Maintaining a diabetic dog requires teamwork, and your vet practice is always available to lend a helping hand and offer advice.
What To Do If Your Diabetic Dog Has Low Blood Sugar
It is critical to watch for low blood sugar in diabetic dogs. This could quickly result in a diabetic coma and be fatal.
Hypoglycemia or hypo are two terms used to describe low blood sugar in dogs.
Low sugar levels occur if your pup’s body has been overwhelmed with too much insulin, excessive exercise, or inadequate food consumption.
Insulin is most effective six to eight hours after it’s been injected so this is when your dog is most at risk of showing symptoms of low blood sugar.
If your dog is suffering from low blood sugar, they may appear:
- Unsteady on their feet
If you believe your dog has low blood sugar, the best course of action is to rub something highly sweet like honey or maple syrup into their gums and take them immediately to the vet.
Carrying a small packet of something high in sugar with you when traveling with your diabetic dog is a wise idea.
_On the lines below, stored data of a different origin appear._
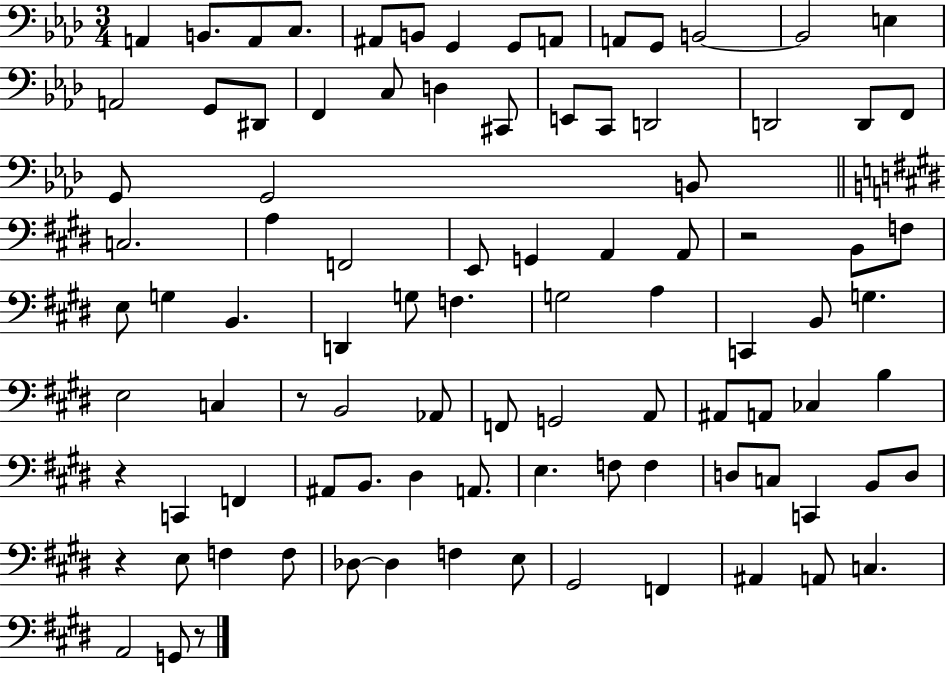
A2/q B2/e. A2/e C3/e. A#2/e B2/e G2/q G2/e A2/e A2/e G2/e B2/h B2/h E3/q A2/h G2/e D#2/e F2/q C3/e D3/q C#2/e E2/e C2/e D2/h D2/h D2/e F2/e G2/e G2/h B2/e C3/h. A3/q F2/h E2/e G2/q A2/q A2/e R/h B2/e F3/e E3/e G3/q B2/q. D2/q G3/e F3/q. G3/h A3/q C2/q B2/e G3/q. E3/h C3/q R/e B2/h Ab2/e F2/e G2/h A2/e A#2/e A2/e CES3/q B3/q R/q C2/q F2/q A#2/e B2/e. D#3/q A2/e. E3/q. F3/e F3/q D3/e C3/e C2/q B2/e D3/e R/q E3/e F3/q F3/e Db3/e Db3/q F3/q E3/e G#2/h F2/q A#2/q A2/e C3/q. A2/h G2/e R/e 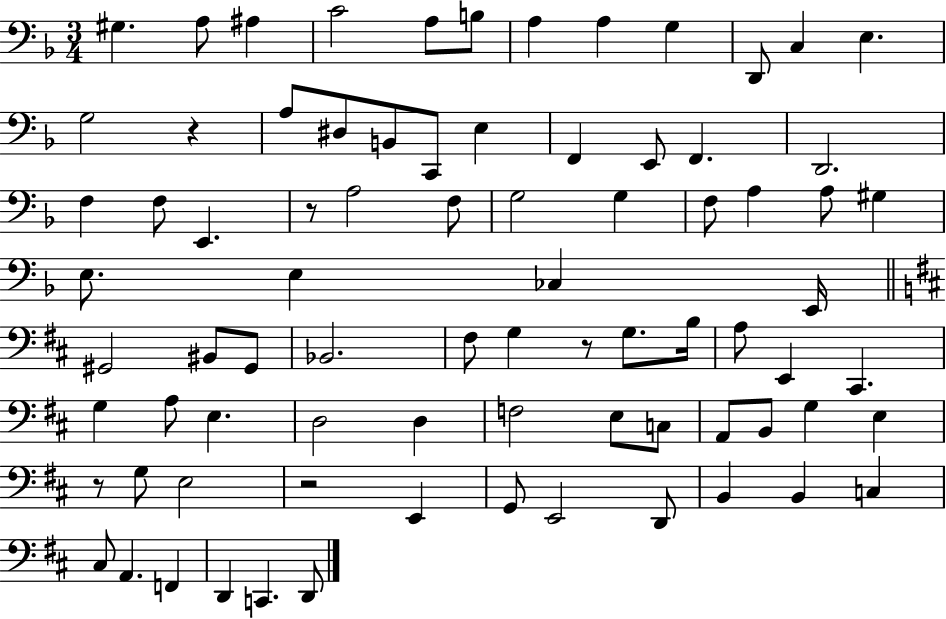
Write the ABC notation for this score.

X:1
T:Untitled
M:3/4
L:1/4
K:F
^G, A,/2 ^A, C2 A,/2 B,/2 A, A, G, D,,/2 C, E, G,2 z A,/2 ^D,/2 B,,/2 C,,/2 E, F,, E,,/2 F,, D,,2 F, F,/2 E,, z/2 A,2 F,/2 G,2 G, F,/2 A, A,/2 ^G, E,/2 E, _C, E,,/4 ^G,,2 ^B,,/2 ^G,,/2 _B,,2 ^F,/2 G, z/2 G,/2 B,/4 A,/2 E,, ^C,, G, A,/2 E, D,2 D, F,2 E,/2 C,/2 A,,/2 B,,/2 G, E, z/2 G,/2 E,2 z2 E,, G,,/2 E,,2 D,,/2 B,, B,, C, ^C,/2 A,, F,, D,, C,, D,,/2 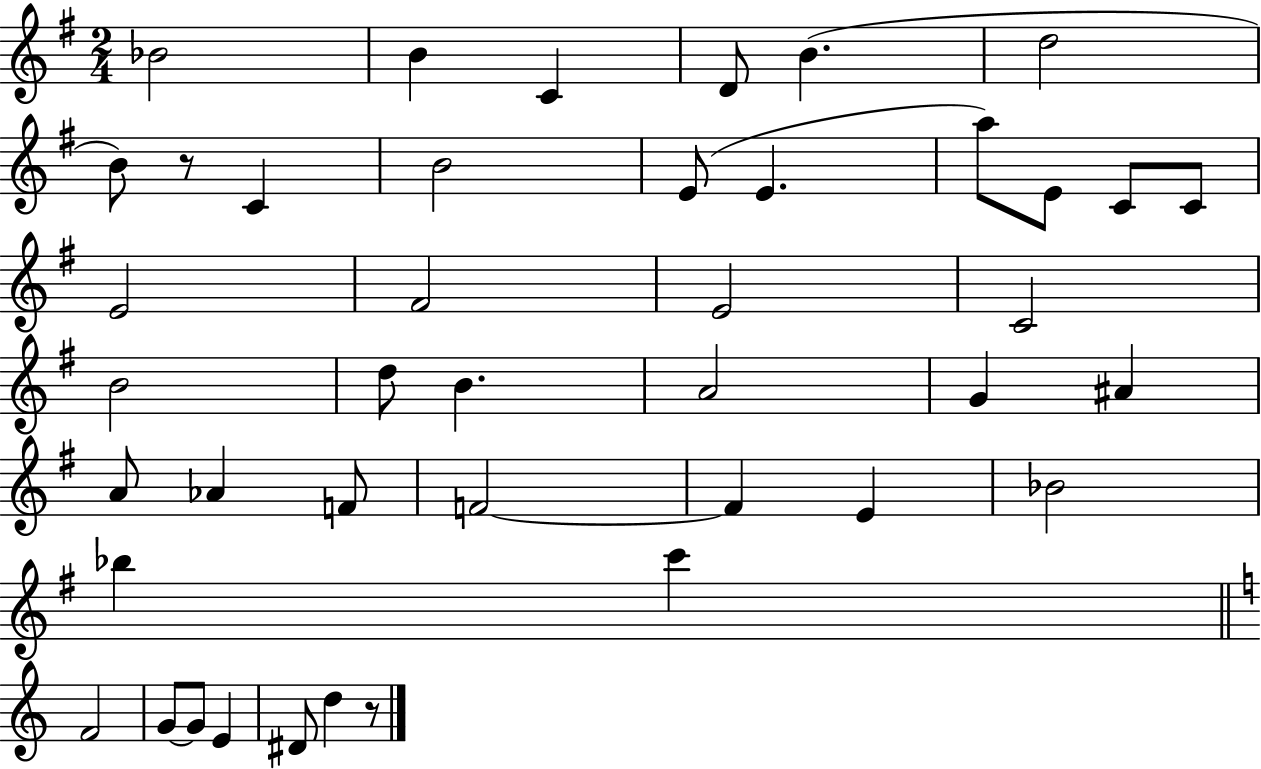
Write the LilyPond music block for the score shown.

{
  \clef treble
  \numericTimeSignature
  \time 2/4
  \key g \major
  bes'2 | b'4 c'4 | d'8 b'4.( | d''2 | \break b'8) r8 c'4 | b'2 | e'8( e'4. | a''8) e'8 c'8 c'8 | \break e'2 | fis'2 | e'2 | c'2 | \break b'2 | d''8 b'4. | a'2 | g'4 ais'4 | \break a'8 aes'4 f'8 | f'2~~ | f'4 e'4 | bes'2 | \break bes''4 c'''4 | \bar "||" \break \key a \minor f'2 | g'8~~ g'8 e'4 | dis'8 d''4 r8 | \bar "|."
} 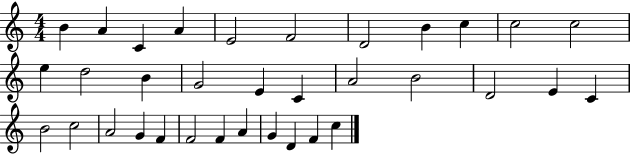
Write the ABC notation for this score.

X:1
T:Untitled
M:4/4
L:1/4
K:C
B A C A E2 F2 D2 B c c2 c2 e d2 B G2 E C A2 B2 D2 E C B2 c2 A2 G F F2 F A G D F c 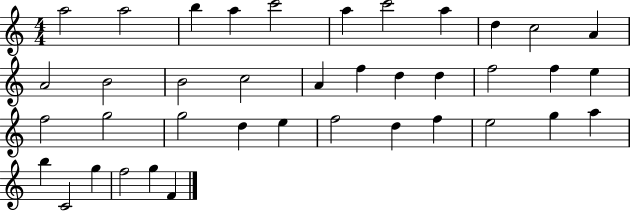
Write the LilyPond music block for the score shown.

{
  \clef treble
  \numericTimeSignature
  \time 4/4
  \key c \major
  a''2 a''2 | b''4 a''4 c'''2 | a''4 c'''2 a''4 | d''4 c''2 a'4 | \break a'2 b'2 | b'2 c''2 | a'4 f''4 d''4 d''4 | f''2 f''4 e''4 | \break f''2 g''2 | g''2 d''4 e''4 | f''2 d''4 f''4 | e''2 g''4 a''4 | \break b''4 c'2 g''4 | f''2 g''4 f'4 | \bar "|."
} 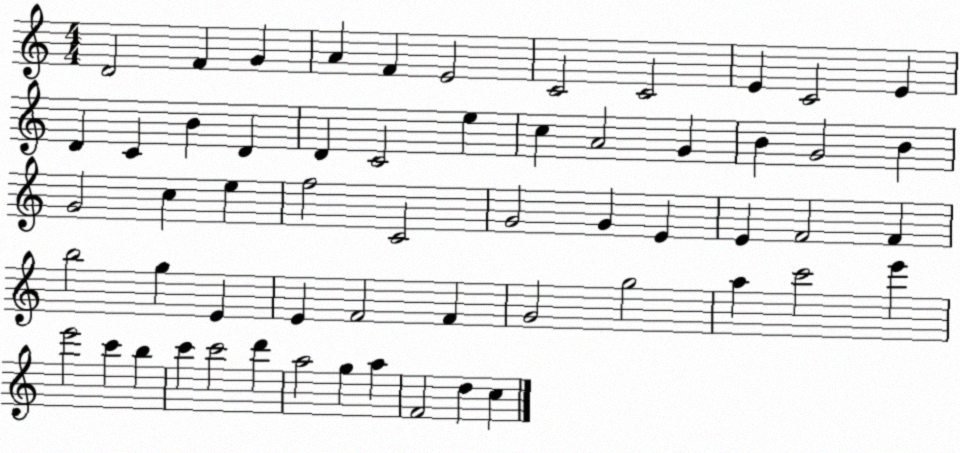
X:1
T:Untitled
M:4/4
L:1/4
K:C
D2 F G A F E2 C2 C2 E C2 E D C B D D C2 e c A2 G B G2 B G2 c e f2 C2 G2 G E E F2 F b2 g E E F2 F G2 g2 a c'2 e' e'2 c' b c' c'2 d' a2 g a F2 d c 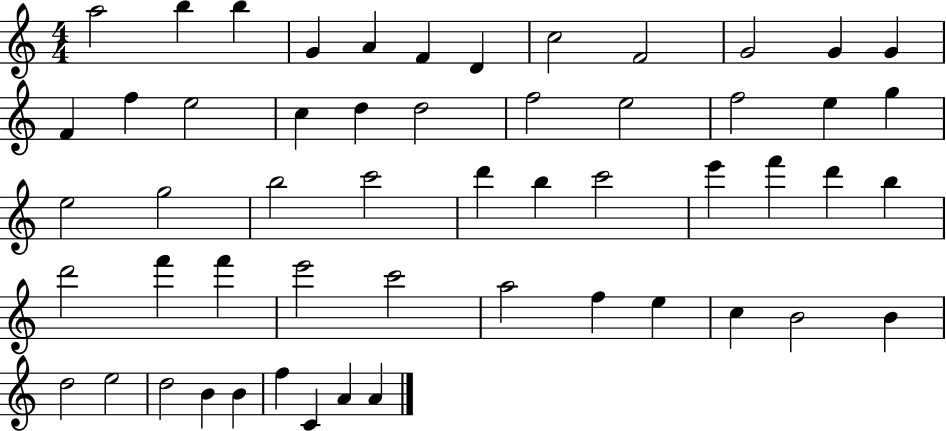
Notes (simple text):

A5/h B5/q B5/q G4/q A4/q F4/q D4/q C5/h F4/h G4/h G4/q G4/q F4/q F5/q E5/h C5/q D5/q D5/h F5/h E5/h F5/h E5/q G5/q E5/h G5/h B5/h C6/h D6/q B5/q C6/h E6/q F6/q D6/q B5/q D6/h F6/q F6/q E6/h C6/h A5/h F5/q E5/q C5/q B4/h B4/q D5/h E5/h D5/h B4/q B4/q F5/q C4/q A4/q A4/q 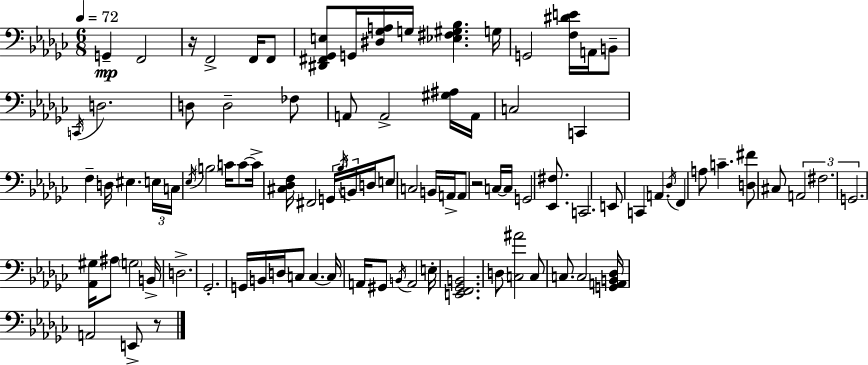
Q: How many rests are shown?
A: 3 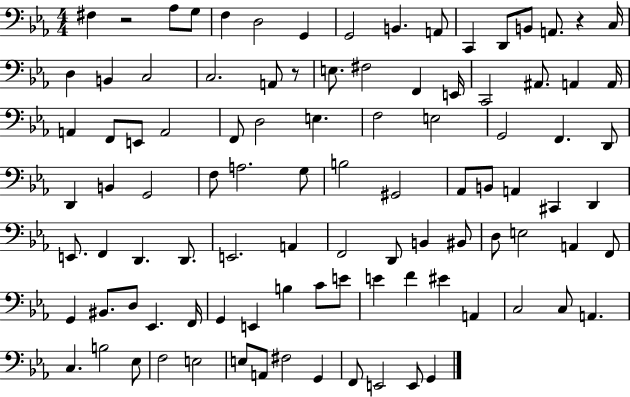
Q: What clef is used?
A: bass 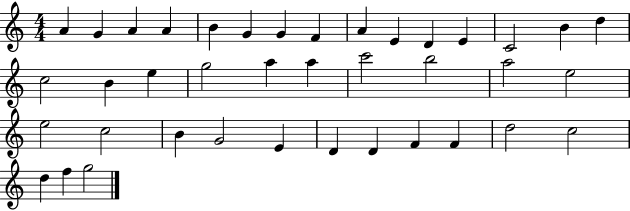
A4/q G4/q A4/q A4/q B4/q G4/q G4/q F4/q A4/q E4/q D4/q E4/q C4/h B4/q D5/q C5/h B4/q E5/q G5/h A5/q A5/q C6/h B5/h A5/h E5/h E5/h C5/h B4/q G4/h E4/q D4/q D4/q F4/q F4/q D5/h C5/h D5/q F5/q G5/h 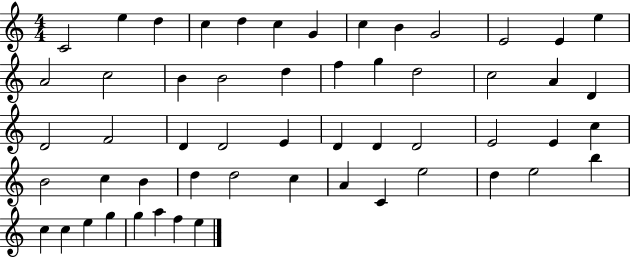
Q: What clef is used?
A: treble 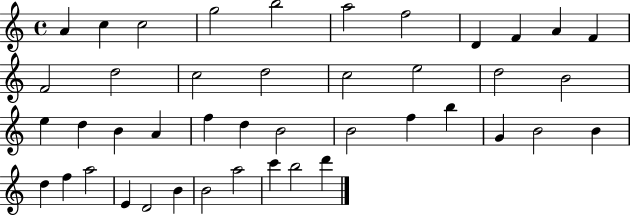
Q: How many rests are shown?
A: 0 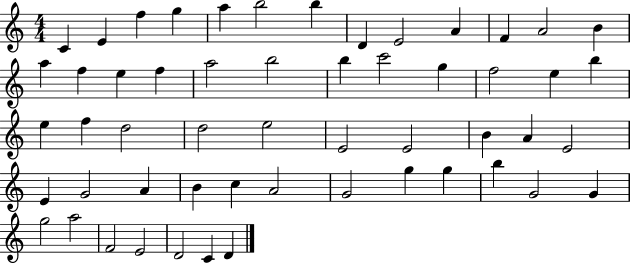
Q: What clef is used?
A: treble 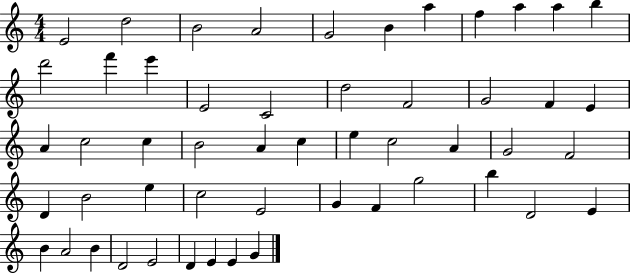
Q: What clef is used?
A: treble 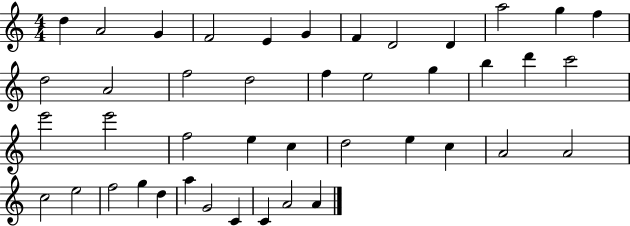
D5/q A4/h G4/q F4/h E4/q G4/q F4/q D4/h D4/q A5/h G5/q F5/q D5/h A4/h F5/h D5/h F5/q E5/h G5/q B5/q D6/q C6/h E6/h E6/h F5/h E5/q C5/q D5/h E5/q C5/q A4/h A4/h C5/h E5/h F5/h G5/q D5/q A5/q G4/h C4/q C4/q A4/h A4/q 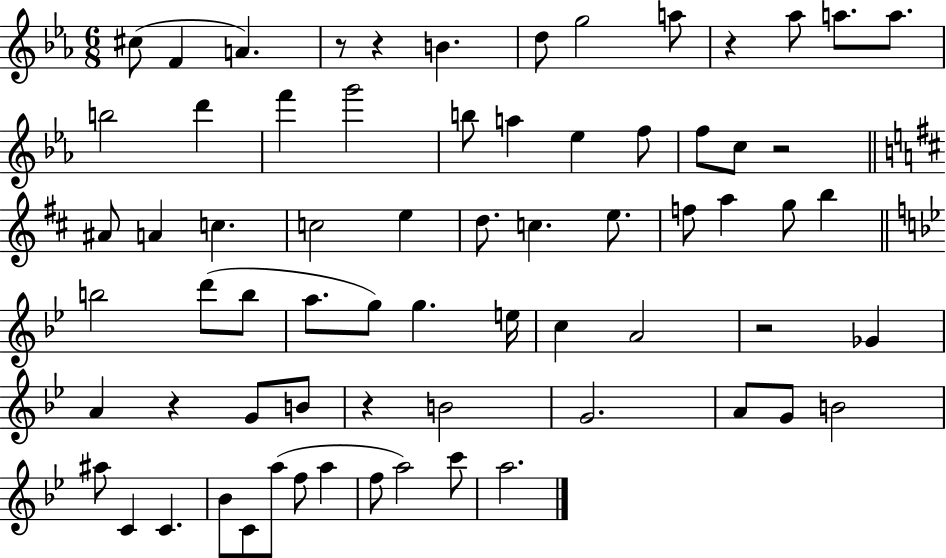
C#5/e F4/q A4/q. R/e R/q B4/q. D5/e G5/h A5/e R/q Ab5/e A5/e. A5/e. B5/h D6/q F6/q G6/h B5/e A5/q Eb5/q F5/e F5/e C5/e R/h A#4/e A4/q C5/q. C5/h E5/q D5/e. C5/q. E5/e. F5/e A5/q G5/e B5/q B5/h D6/e B5/e A5/e. G5/e G5/q. E5/s C5/q A4/h R/h Gb4/q A4/q R/q G4/e B4/e R/q B4/h G4/h. A4/e G4/e B4/h A#5/e C4/q C4/q. Bb4/e C4/e A5/e F5/e A5/q F5/e A5/h C6/e A5/h.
What If You Miss an Insulin Injection?
Never give your diabetic dog an additional insulin injection during the day or on their next scheduled injection if you forget to give them one on time.
Low blood sugar can have serious consequences.
Instead, wait until their next dose of insulin is due and administer the regular dosage.
Although having slightly high blood sugar for 12 hours won’t harm your pup, going too low could prove fatal.
If you’re uncertain at any point, contact your veterinarian for guidance.
Treatment for diabetic dogs involves maintaining a strict schedule. Be strict with how often they exercise and ensure that they receive their insulin injections at the appropriate time each day.
No doubt, this is a huge responsibility. But, if you can manage it well enough, chances are your pup will live an incredibly contented life.